Telling me it has to be done at four in the morning is a good way to reduce my enthusiasm for just about anything.

I'm not the camping-est guy in the world and long drives are about as much fun for me as bone bruises (which is to say, kind of fun when they involve people other than me) so when my dad informed me that we'd be embarking on a 7-plus hour drive to go camping at 4 AM on a Sunday, I was hard-pressed to keep my expression deadpan.  When we left, already tired and with around five-hundred miles of road ahead of us, it was everything I'd expected it would be.

My dad wanted to stop at every stupid roadside attraction and historical marker.  I just wanted to get to the fucking park (Big Bend National) and take a goddamn nap.  We stopped five times on the way up: Del Rio, for breakfast at an IHOP (because there was no Denny's);  Langtry, to see the Judge Roy Bean Museum (which was, to be fair, dedicated to a real-life character who was everything you want out of a Western: violent, greedy, tough as saddle leather,  and with an absurd sense of humor); Sanderson, the cactus capital of Texas, for supplies at a convenience store (also the largest store in town); Marathon, to gas up at a larcenous $3.13 per gallon; and at a historical marker that was actually more of a geological marker, since it marked the spot where the Rockies and the Ouachita fold come together.

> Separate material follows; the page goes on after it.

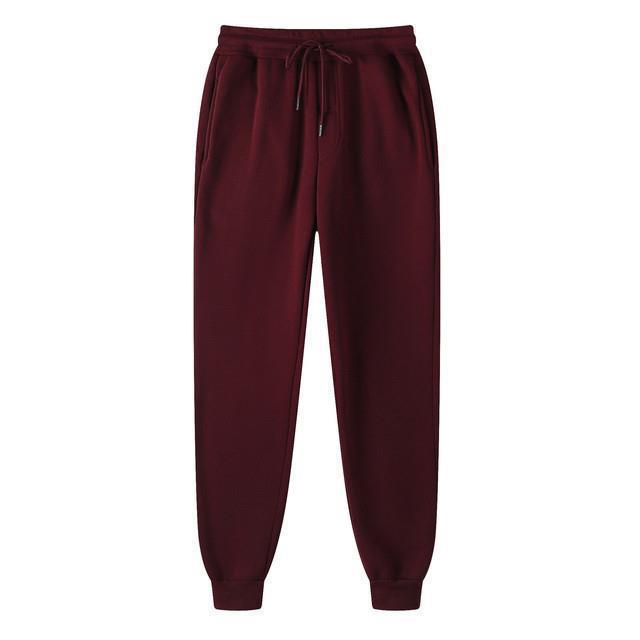Women's relaxed high waist jogger pants with elastic waistband, drawstring, and ribbed hem cuffs Mune Fashion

By the end of the drive my father and I were both exhausted, cramped, crabby, and barely rational.  Our relationship is . . . awkward under most circumstances, just being around him was toturous by the time we finally made camp in the Chisos Basin (campground, with toilets, running water and built in shade).  He tried to sleep in the sweltering tent, I attempted nap on a picnic table plagued by flies.  Neither of us were very successful, but I think not having to deal with one another or the car for three hours did us a world of good.

Not that we didn't argue for the rest of the trip.  There was one hike the following morning where I somehow became responsible for his having left his keys and wallet on the wide-open table while I went to do the dishes.  I'll concede that he had a point about my leaving stuff out at the campsite, but his method of argument essentially amounted to "You will admit to being wrong regardless of whether Imake sense."   That's one of those strategies that should probably only be employed with creatures lacking sophisticated vocal skills, like dogs or toddlers.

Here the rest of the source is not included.